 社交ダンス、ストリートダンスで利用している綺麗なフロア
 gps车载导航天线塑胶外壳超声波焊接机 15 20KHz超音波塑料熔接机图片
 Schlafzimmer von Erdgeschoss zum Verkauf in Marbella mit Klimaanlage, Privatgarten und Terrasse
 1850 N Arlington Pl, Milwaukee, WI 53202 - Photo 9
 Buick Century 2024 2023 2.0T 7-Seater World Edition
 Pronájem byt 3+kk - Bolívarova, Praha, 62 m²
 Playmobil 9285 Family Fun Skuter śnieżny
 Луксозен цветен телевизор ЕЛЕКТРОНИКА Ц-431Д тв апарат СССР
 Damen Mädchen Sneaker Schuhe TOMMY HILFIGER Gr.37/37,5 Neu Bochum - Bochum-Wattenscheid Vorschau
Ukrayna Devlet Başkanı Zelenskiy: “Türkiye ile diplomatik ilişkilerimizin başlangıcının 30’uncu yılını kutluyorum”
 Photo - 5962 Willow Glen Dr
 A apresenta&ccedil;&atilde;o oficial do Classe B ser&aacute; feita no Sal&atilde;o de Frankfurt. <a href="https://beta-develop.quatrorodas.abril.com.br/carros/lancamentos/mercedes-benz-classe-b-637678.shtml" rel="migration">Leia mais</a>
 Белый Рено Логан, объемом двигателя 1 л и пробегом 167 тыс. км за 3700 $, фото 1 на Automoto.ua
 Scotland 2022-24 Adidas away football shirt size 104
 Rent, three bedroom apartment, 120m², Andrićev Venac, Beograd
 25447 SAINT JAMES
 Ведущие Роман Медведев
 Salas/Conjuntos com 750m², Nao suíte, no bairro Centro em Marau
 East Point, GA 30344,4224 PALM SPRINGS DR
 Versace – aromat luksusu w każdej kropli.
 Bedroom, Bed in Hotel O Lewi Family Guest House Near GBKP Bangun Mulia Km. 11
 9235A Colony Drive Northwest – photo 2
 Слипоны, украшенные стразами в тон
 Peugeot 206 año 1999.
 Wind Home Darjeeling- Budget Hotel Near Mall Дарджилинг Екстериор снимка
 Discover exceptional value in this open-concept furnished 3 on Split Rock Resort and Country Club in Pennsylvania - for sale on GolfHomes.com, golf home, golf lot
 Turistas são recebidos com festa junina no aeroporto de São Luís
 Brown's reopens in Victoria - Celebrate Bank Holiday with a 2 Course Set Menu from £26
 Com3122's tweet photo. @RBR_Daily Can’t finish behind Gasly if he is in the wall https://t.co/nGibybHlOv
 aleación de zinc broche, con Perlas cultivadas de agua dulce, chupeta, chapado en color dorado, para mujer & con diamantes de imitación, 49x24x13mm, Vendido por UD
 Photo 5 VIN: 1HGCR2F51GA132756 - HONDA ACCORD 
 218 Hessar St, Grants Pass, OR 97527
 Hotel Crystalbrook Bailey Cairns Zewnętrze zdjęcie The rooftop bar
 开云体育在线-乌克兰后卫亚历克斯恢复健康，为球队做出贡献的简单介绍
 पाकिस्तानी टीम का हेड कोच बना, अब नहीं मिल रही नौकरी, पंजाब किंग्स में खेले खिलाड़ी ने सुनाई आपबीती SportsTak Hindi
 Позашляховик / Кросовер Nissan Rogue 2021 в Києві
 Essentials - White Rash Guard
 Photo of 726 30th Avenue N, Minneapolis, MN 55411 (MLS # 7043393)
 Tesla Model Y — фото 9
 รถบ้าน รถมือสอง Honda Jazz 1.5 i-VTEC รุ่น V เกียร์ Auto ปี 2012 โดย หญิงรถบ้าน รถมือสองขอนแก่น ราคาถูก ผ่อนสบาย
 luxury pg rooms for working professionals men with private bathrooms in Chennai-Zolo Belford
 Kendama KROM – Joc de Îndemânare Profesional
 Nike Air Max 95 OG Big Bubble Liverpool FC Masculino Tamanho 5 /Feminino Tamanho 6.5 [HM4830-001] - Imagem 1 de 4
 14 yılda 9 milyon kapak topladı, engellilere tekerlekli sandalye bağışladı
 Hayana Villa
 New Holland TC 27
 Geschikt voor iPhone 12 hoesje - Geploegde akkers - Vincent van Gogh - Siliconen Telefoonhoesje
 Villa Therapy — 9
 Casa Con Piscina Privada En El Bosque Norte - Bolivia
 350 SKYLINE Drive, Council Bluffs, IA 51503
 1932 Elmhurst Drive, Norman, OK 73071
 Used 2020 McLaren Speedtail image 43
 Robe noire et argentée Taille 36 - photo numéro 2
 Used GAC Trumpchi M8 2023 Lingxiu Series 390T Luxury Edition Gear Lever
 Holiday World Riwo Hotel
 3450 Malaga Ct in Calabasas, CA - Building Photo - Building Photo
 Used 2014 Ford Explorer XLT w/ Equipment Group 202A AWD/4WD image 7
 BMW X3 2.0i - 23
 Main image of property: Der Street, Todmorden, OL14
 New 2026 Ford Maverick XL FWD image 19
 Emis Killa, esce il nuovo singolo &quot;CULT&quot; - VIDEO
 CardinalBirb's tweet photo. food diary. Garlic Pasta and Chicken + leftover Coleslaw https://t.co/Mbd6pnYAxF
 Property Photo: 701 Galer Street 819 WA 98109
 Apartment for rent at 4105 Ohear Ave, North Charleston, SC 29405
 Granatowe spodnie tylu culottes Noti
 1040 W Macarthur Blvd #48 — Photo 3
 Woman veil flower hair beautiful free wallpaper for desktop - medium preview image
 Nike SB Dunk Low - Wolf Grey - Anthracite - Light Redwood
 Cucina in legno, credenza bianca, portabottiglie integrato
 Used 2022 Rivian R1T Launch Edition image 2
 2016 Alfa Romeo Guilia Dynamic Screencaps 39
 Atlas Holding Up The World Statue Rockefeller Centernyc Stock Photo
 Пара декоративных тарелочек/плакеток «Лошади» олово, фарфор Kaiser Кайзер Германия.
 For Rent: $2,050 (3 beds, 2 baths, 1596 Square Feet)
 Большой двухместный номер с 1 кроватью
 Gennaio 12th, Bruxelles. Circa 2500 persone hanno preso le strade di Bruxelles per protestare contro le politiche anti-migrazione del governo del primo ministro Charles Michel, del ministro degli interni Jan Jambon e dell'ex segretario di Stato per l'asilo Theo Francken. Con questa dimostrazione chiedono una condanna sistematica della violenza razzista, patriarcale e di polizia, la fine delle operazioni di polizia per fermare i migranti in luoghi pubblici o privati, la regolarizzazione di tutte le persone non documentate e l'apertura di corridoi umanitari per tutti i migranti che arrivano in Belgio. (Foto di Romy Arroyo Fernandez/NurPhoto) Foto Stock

++++++++

◆ THE PROBLEM
Which lines of the data include the string "Used"? Copy each of them.

◆ OUTPUT
 Used 2020 McLaren Speedtail image 43
 Used GAC Trumpchi M8 2023 Lingxiu Series 390T Luxury Edition Gear Lever
 Used 2014 Ford Explorer XLT w/ Equipment Group 202A AWD/4WD image 7
 Used 2022 Rivian R1T Launch Edition image 2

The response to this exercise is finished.